◆ **Exercise prompt**:
The entries that follow need to be printed exactly as they are, minus any pictures.
===== Data to use
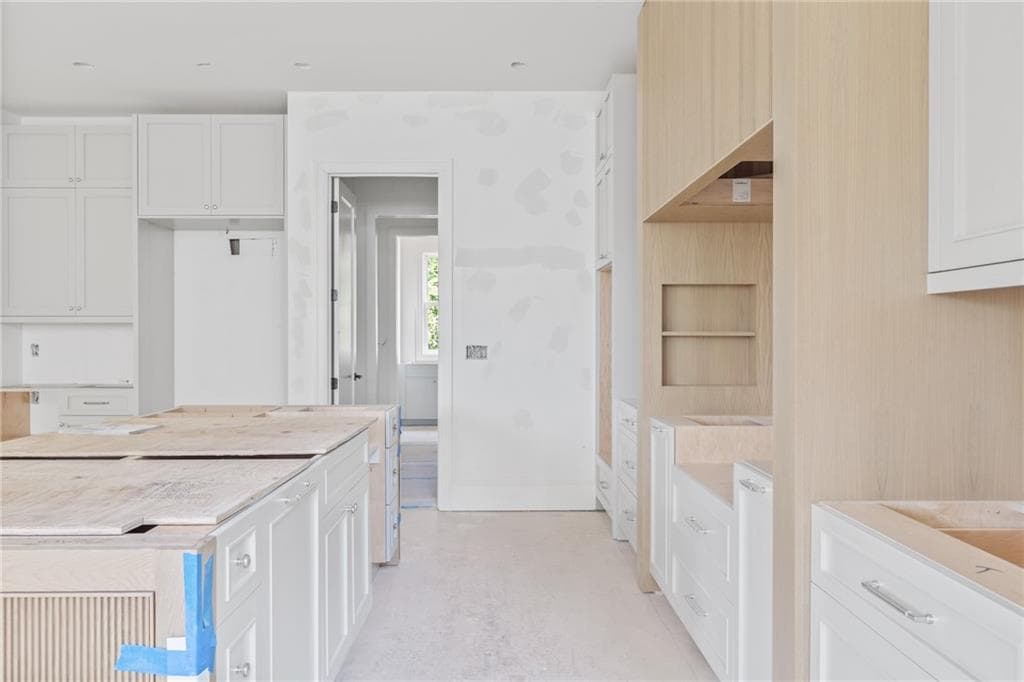 5 bedroom, 5 bathroom, 5,100 sq ft single family residence under contract at 10910 Woodstock Road, Roswell, GA 30075 — photo 8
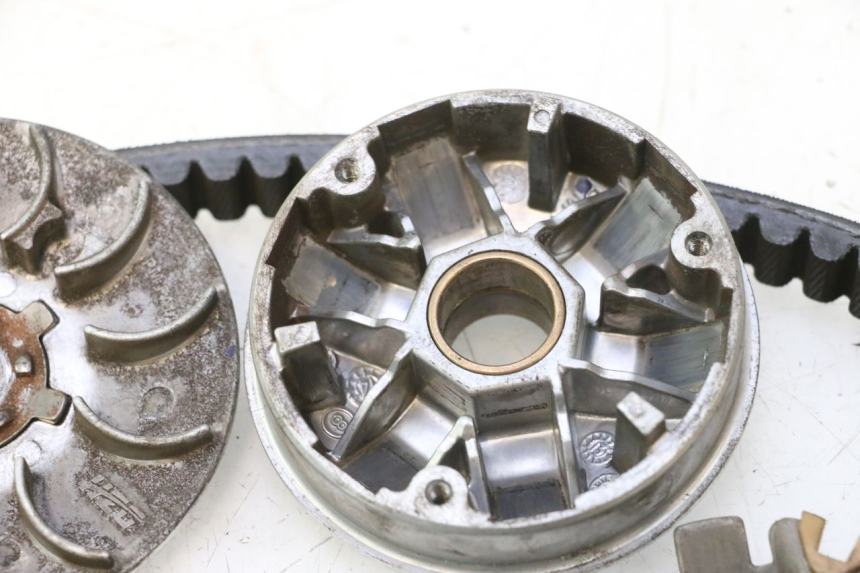 photo de VARIATOR PEUGEOT CITYSTAR 2T 50 (2018 - 2021) - Distinctive features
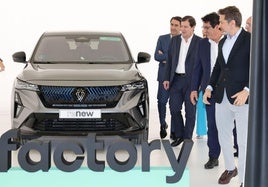 Autoridades y directivos de Renault junto a un coche reacondicionado en Refactory Valladolid.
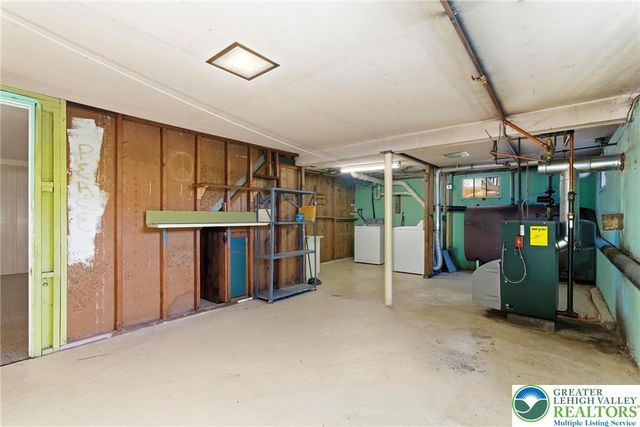 3074 Clearview, Palmer Twp, PA 18045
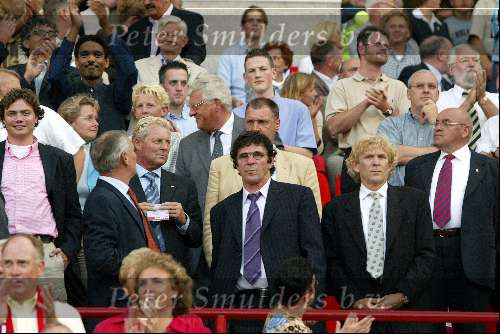 Eindhoven 6 augustus 2002
Opening PSV stadion met de oud spelers 1988
PSV-Herta BSC
Ruud Krol Wim v Hanegem Tonnie Bruins Slot Hans Jorritsma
==========
◆ **Result below**:
 5 bedroom, 5 bathroom, 5,100 sq ft single family residence under contract at 10910 Woodstock Road, Roswell, GA 30075 — photo 8
 photo de VARIATOR PEUGEOT CITYSTAR 2T 50 (2018 - 2021) - Distinctive features
 Autoridades y directivos de Renault junto a un coche reacondicionado en Refactory Valladolid.
 3074 Clearview, Palmer Twp, PA 18045
 Eindhoven 6 augustus 2002
Opening PSV stadion met de oud spelers 1988
PSV-Herta BSC
Ruud Krol Wim v Hanegem Tonnie Bruins Slot Hans Jorritsma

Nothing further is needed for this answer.